→ **MATERIALS PROVIDED**:
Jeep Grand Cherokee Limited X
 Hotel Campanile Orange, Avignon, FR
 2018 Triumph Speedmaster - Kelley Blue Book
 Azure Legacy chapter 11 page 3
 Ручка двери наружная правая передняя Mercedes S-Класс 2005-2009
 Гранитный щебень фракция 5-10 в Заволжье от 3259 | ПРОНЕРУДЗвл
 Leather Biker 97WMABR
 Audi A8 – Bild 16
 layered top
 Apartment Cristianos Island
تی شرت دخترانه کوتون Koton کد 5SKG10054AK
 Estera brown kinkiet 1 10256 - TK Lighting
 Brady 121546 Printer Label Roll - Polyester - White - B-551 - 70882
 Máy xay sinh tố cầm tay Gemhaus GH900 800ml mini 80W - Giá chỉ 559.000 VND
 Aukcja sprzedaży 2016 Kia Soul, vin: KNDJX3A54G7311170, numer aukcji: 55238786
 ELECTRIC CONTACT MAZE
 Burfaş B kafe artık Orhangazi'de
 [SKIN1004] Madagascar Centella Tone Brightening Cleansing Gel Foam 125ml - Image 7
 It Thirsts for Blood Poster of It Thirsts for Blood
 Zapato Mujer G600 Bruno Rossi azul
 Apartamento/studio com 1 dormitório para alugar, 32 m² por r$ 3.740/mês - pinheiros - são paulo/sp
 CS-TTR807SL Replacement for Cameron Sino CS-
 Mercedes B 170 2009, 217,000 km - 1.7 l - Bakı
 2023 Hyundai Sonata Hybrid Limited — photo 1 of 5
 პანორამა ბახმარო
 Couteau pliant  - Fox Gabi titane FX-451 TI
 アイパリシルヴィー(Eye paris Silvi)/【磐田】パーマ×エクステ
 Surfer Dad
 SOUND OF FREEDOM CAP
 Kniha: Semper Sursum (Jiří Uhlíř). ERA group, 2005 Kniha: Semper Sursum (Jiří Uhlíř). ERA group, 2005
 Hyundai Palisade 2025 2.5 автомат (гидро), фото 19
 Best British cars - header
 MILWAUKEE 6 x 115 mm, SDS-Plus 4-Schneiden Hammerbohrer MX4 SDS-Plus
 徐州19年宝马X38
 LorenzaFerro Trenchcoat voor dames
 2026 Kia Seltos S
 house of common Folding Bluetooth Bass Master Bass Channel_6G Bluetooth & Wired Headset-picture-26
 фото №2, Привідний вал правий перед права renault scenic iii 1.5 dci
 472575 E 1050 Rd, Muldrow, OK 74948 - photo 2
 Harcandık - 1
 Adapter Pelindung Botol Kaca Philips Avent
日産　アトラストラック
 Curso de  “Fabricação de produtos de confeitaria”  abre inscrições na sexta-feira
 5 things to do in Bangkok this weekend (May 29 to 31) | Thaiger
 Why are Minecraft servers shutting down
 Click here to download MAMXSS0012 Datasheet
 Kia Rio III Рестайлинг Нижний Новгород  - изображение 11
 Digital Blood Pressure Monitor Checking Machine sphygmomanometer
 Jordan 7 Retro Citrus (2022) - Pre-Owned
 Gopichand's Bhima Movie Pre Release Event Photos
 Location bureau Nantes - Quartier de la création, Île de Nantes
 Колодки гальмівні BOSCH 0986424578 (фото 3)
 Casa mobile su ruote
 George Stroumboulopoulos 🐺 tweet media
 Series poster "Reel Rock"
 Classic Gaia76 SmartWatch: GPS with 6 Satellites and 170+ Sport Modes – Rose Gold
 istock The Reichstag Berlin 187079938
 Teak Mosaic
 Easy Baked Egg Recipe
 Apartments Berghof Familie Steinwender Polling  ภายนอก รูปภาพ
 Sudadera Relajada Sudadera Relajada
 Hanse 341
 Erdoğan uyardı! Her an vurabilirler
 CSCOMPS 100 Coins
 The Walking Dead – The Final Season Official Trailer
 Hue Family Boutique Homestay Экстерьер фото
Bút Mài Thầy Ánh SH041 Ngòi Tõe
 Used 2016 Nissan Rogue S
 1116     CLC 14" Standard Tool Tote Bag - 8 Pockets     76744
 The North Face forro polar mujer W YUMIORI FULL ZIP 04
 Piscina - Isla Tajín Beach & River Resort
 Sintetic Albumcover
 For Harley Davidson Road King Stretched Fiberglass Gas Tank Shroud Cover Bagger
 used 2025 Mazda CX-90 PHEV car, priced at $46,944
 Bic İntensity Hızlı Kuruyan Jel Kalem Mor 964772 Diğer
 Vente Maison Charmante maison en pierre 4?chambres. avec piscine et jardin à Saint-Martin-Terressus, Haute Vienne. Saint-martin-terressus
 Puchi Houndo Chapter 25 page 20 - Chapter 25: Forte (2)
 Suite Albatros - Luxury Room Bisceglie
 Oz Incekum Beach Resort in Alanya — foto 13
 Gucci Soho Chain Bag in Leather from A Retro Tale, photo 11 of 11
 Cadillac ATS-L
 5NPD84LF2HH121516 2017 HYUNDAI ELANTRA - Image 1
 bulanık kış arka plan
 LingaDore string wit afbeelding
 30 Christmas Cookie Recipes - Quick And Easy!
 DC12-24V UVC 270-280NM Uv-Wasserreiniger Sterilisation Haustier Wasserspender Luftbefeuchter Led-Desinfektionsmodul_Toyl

→ **EXERCISE REQUIREMENTS**: Going back to the entries above, set down exactly the lines that begin at the one with "Click here to download MAMXSS0012 Datasheet" and end at the one with "Gopichand's Bhima Movie", both included, and nothing else.

→ **EXERCISE ANSWER**:
 Click here to download MAMXSS0012 Datasheet
 Kia Rio III Рестайлинг Нижний Новгород  - изображение 11
 Digital Blood Pressure Monitor Checking Machine sphygmomanometer
 Jordan 7 Retro Citrus (2022) - Pre-Owned
 Gopichand's Bhima Movie Pre Release Event Photos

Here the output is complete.